SOURCE DATA START

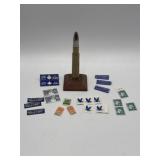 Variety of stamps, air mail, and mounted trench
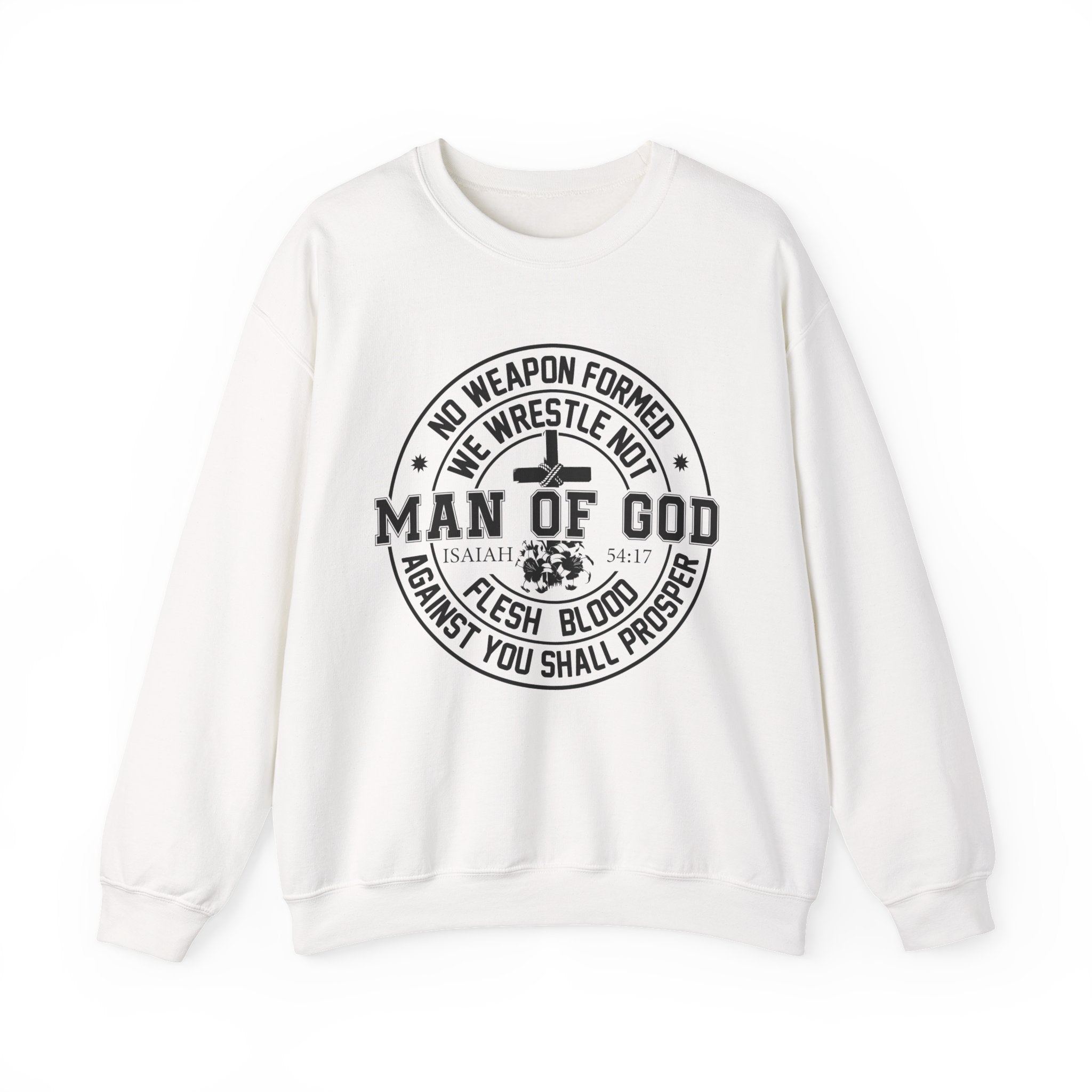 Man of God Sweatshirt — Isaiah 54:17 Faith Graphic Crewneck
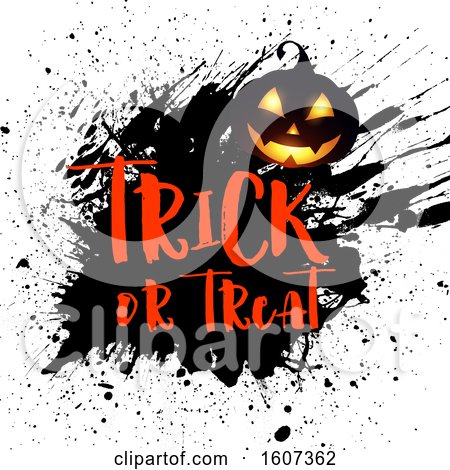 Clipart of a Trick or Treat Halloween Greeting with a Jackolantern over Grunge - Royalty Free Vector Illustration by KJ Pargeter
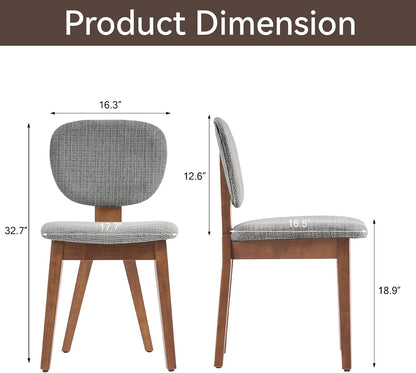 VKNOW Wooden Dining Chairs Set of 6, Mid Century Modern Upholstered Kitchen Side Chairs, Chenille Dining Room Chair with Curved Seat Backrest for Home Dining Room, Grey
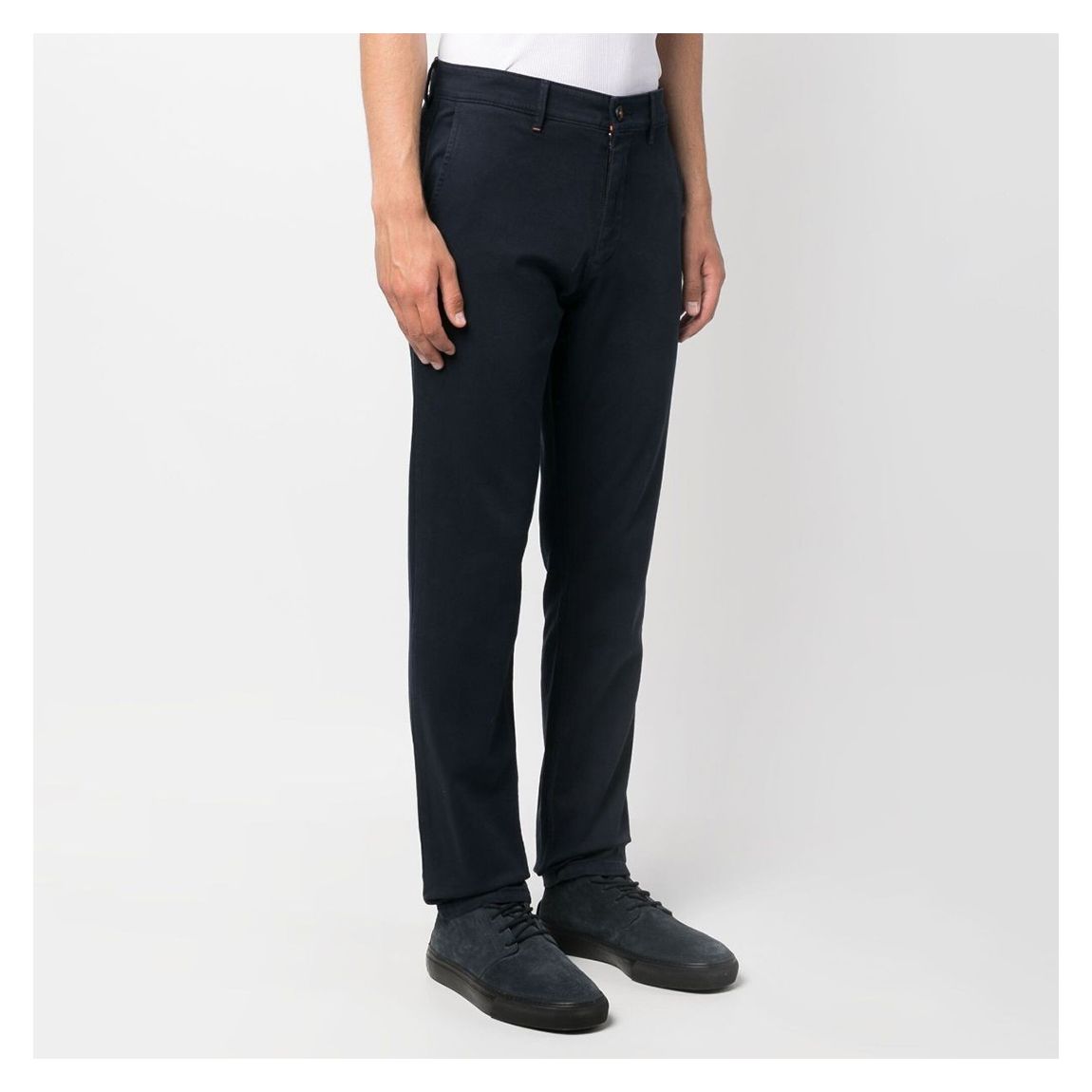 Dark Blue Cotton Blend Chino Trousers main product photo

SOURCE DATA END

WHAT TO PRODUCE: All the records above need to be given again word for word. Skip the pictures.

ANSWER TO THE EXERCISE:
 Variety of stamps, air mail, and mounted trench
 Man of God Sweatshirt — Isaiah 54:17 Faith Graphic Crewneck
 Clipart of a Trick or Treat Halloween Greeting with a Jackolantern over Grunge - Royalty Free Vector Illustration by KJ Pargeter
 VKNOW Wooden Dining Chairs Set of 6, Mid Century Modern Upholstered Kitchen Side Chairs, Chenille Dining Room Chair with Curved Seat Backrest for Home Dining Room, Grey
 Dark Blue Cotton Blend Chino Trousers main product photo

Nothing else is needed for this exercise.